Project is the primary management unit of Kylin. In a project, you can design multiple models and perform query analysis.

In Kylin toolbar, click the + (Add Project) button to the right of the item list to add a project, and fill in the project name and description. The project name is mandatory; the project description is optional. A good project description will help with the maintenance of the project in the future.

At this point, you have completed the creation project. The interface stays in the Data Asset -> Data Source page, ready to add data sources for the next step.

Add Data Source

Once the project is created, you need to add a data source table to the project. The data source tables added here will be used during model creation stage and/or query analysis.

When you add a data source, the metadata of the source table is synchronized. The metadata of a table is the data that describes the characteristics of the table e.g. table names, column names, types etc.

  1. Import Table Metadata

    In the Data Asset -> Data Source interface, click the Add data source button at the top left to add a data source table for your project.

    • Select data source type: Hive.

    • Select the target data source table: Expand the database list and select the target data source table.

    For more information on data source operations, please see the Data Source section.

  2. Table Sampling

    During the table metadata synchronization process, the data sampling is turned on by default. You can view the auto-launched sample table data job in the Monitor -> Job page. Once the job has been executed, you can view the sample data from the source table in the Data Asset -> Data Source interface. You can find out more in the Data Sampling) section.

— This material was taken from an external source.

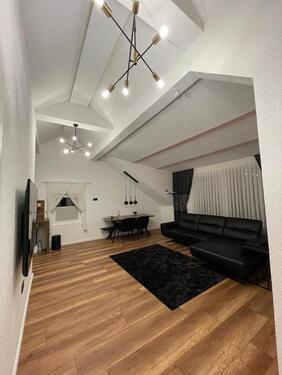 Foto - Helle 3-Zimmer-Wohnung - 1.500,00&nbsp;EUR Kaltmiete, ca.&nbsp; 65,00&nbsp;m&sup2;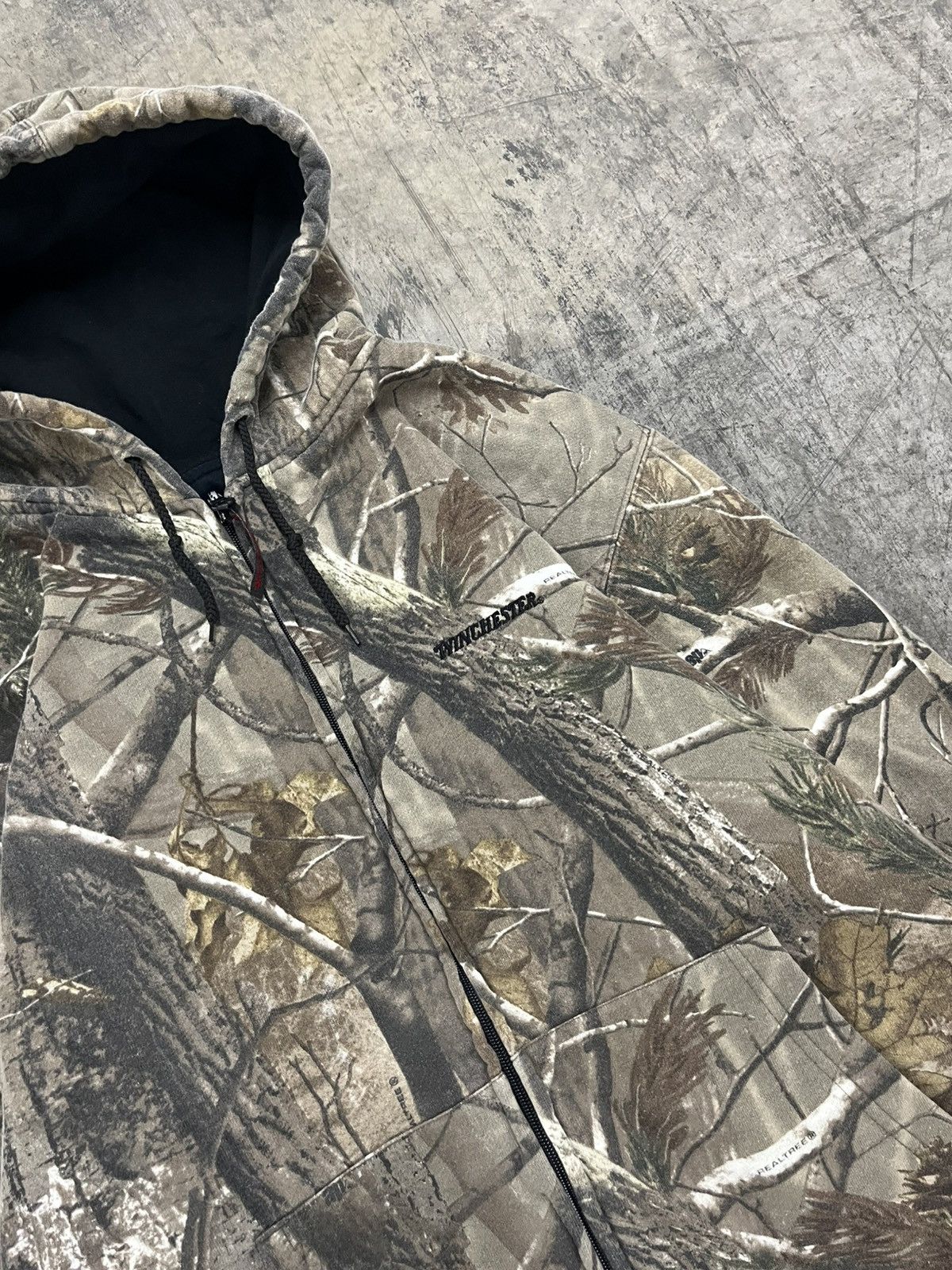 Carhartt Realtree camo vintage boxy fit heavyweight zipup streetwear Size US XL / EU 56 / 4 - 5 Thumbnail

    In general, table sampling will answer questions like those listed below. Understanding these will help with the subsequent model design.

    • How many rows are there in the table?
    • What is the cardinality of each column? That is, the amount of data that is not repeated.
    • What are the characteristics of the column values for each column?
  3. Data Source Interface

    As shown in the following diagram, we added all the tables in the sample SSB dataset in Hive. The data source area is on the left and the information of the specified source table is on the right.

    You can view the source table information on the right side, where all columns are the feature information of the source table field, sampled data shows the data of each column in the source table.

    Data Source

Create Model

Model design is one of the core functions of Kylin. Good model design can help achieve a better data analysis experience.

  1. Principles of Model Design

    The model is the semantic layer. A good model can help users visualize the business relationships between the source tables.

    In Kylin, you can view the data source tables in a single panel, complete model design, add dimensions and metrics, and design a model that fits your business logic. Basic principles in a model design:

    • Fact Table: Generally a table with quantifiable measures. For example, the order table is a suitable fact table. There are columns like the order quantity, order amount can be quantified.
    • Dimension Table: A table that represents a perspective looking into the quantifiable measures. For example, the product information table is suitable as a dimension table, and there are product categories and product trademarks, which can be angles to analyze business. Schedules are often used as dimension tables to partition business data by day/week/month/quarter/year.
    • Dimensions: Represents a business angle that can be analyzed, such as the order date indicating the time dimension and the item ID indicating the product dimension.
    • Metrics: Quantifiable numerical information such as total sales, total sales, etc. Usually quantifiable columns are used with functions such as SUM, COUNT, TOP_N, and so on.
  2. Method of Model Design

    Please create a model in the Data Asset -> Model interface and enter the model editing interface to visually complete the creation of the multidimensional model. The specific method of model design will be described in detail in the Model Design Basics section. Here is a brief introduction to the following steps:

    • Design Model: Select the source table according to the business logic and set the association between the tables. Then set the fact table and dimension tables.
    • Add Dimensions: Identify dimensions from table columns for business analysis.
    • Add Measures: Identify metrics and their aggregate functions for business analytics. You can see the detailed methods in the Measures section.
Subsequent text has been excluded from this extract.